**YOUR OBJECTIVE**:
Look in the material below for the line holding "Cuties Complete Care". Set it down exactly, with each later line up to and including the line holding "Rare! Tiffany &".

**GIVEN RECORDS**:
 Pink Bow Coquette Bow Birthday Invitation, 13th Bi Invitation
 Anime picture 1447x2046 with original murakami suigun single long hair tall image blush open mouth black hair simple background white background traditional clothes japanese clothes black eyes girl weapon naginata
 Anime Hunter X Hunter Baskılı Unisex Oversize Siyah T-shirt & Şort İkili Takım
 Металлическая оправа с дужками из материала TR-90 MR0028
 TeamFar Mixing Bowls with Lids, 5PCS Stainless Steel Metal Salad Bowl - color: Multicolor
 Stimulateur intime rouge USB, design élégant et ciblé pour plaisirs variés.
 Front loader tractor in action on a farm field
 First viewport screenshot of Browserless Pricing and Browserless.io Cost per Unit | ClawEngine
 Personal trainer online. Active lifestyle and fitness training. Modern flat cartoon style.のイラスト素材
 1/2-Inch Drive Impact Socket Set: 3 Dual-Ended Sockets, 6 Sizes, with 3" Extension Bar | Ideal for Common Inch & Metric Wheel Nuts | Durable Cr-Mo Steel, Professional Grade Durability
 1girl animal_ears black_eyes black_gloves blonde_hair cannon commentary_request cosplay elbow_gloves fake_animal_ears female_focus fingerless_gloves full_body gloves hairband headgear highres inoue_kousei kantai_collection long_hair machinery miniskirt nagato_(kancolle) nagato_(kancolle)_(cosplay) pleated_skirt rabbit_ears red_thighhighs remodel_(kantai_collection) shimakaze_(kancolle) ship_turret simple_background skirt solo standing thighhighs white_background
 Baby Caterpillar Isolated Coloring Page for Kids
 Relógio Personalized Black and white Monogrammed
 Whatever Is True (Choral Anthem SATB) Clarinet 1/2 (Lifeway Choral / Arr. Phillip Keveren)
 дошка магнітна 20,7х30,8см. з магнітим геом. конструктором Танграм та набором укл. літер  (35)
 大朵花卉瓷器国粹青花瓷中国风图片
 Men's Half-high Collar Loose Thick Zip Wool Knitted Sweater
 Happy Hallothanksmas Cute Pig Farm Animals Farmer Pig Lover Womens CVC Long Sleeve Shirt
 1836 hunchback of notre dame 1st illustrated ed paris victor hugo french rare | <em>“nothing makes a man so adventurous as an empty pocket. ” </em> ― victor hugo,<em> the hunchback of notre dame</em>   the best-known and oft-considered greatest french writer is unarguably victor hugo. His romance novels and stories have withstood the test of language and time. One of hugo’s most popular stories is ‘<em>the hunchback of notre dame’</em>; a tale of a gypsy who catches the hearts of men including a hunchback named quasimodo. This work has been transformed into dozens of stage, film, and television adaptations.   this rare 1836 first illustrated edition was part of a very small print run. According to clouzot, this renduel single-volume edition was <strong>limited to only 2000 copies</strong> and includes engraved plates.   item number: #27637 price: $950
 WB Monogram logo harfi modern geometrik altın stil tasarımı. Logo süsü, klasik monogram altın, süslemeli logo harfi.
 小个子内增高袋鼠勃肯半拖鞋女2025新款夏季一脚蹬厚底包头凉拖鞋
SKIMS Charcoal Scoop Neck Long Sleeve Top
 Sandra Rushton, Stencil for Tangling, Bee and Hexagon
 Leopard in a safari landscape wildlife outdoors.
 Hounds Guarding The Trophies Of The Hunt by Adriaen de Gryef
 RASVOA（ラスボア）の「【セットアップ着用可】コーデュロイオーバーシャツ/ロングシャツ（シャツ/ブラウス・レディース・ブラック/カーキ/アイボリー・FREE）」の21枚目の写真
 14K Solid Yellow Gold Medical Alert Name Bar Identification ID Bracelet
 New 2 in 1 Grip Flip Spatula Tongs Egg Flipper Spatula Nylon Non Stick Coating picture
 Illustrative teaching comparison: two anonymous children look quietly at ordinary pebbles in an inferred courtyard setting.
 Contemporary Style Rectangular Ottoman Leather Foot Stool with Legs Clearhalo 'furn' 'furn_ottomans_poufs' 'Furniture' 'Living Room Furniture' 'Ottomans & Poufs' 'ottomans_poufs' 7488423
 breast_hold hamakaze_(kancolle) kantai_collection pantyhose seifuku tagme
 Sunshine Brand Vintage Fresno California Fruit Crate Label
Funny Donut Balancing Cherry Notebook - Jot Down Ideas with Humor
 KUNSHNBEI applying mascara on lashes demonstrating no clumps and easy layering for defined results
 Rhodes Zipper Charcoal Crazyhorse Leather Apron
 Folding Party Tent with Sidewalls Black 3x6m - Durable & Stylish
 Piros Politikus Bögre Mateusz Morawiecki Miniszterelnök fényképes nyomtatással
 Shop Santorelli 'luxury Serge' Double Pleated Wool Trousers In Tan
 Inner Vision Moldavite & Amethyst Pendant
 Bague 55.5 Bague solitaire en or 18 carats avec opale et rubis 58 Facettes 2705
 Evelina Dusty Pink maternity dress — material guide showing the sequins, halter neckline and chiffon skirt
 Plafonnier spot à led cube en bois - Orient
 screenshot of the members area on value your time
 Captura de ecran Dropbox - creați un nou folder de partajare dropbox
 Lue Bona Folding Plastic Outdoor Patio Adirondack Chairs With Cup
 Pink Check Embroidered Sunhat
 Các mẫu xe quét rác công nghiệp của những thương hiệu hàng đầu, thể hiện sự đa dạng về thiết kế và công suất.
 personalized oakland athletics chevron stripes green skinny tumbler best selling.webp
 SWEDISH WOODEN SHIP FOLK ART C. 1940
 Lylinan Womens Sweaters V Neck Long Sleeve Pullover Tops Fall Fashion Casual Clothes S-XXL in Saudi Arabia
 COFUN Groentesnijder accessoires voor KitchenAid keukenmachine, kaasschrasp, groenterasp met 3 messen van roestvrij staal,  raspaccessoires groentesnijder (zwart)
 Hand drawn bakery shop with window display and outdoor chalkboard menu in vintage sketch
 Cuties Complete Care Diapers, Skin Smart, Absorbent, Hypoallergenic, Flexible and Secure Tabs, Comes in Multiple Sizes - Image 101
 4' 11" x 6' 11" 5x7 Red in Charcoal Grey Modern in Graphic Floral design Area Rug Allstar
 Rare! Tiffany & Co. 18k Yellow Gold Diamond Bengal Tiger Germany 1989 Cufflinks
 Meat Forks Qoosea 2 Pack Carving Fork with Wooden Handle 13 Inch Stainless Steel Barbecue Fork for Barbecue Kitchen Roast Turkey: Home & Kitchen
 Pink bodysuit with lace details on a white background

**YOUR SOLUTION**:
 Cuties Complete Care Diapers, Skin Smart, Absorbent, Hypoallergenic, Flexible and Secure Tabs, Comes in Multiple Sizes - Image 101
 4' 11" x 6' 11" 5x7 Red in Charcoal Grey Modern in Graphic Floral design Area Rug Allstar
 Rare! Tiffany & Co. 18k Yellow Gold Diamond Bengal Tiger Germany 1989 Cufflinks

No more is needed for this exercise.